The copy has to match the data exactly and leave out every picture.

**Source material:**
***
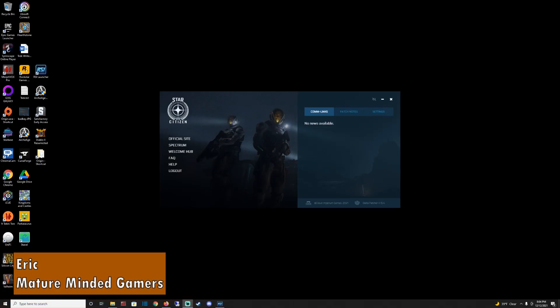Hey everybody, Eric here from the MMG. Welcome to our channel. Hope I'm going to help you with your Star Citizen issue.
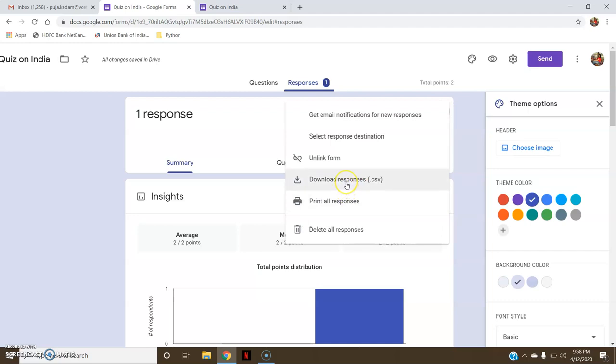You can also download the responses — that is, download that Excel spreadsheet. You can print responses and delete all responses.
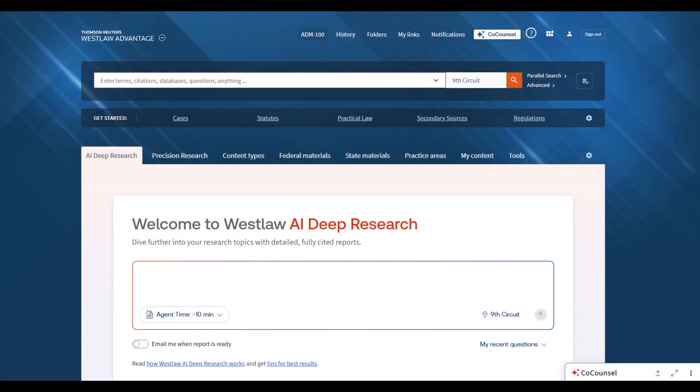We're excited to bring a big new innovation in legal research to Westlaw and co-counsel: deep research. We built a custom agentic system for legal deep research that lets agents navigate Westlaw content like an expert researcher would.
***
**Answer section:**
Hey everybody, Eric here from the MMG. Welcome to our channel. Hope I'm going to help you with your Star Citizen issue.
You can also download the responses — that is, download that Excel spreadsheet. You can print responses and delete all responses.
We're excited to bring a big new innovation in legal research to Westlaw and co-counsel: deep research. We built a custom agentic system for legal deep research that lets agents navigate Westlaw content like an expert researcher would.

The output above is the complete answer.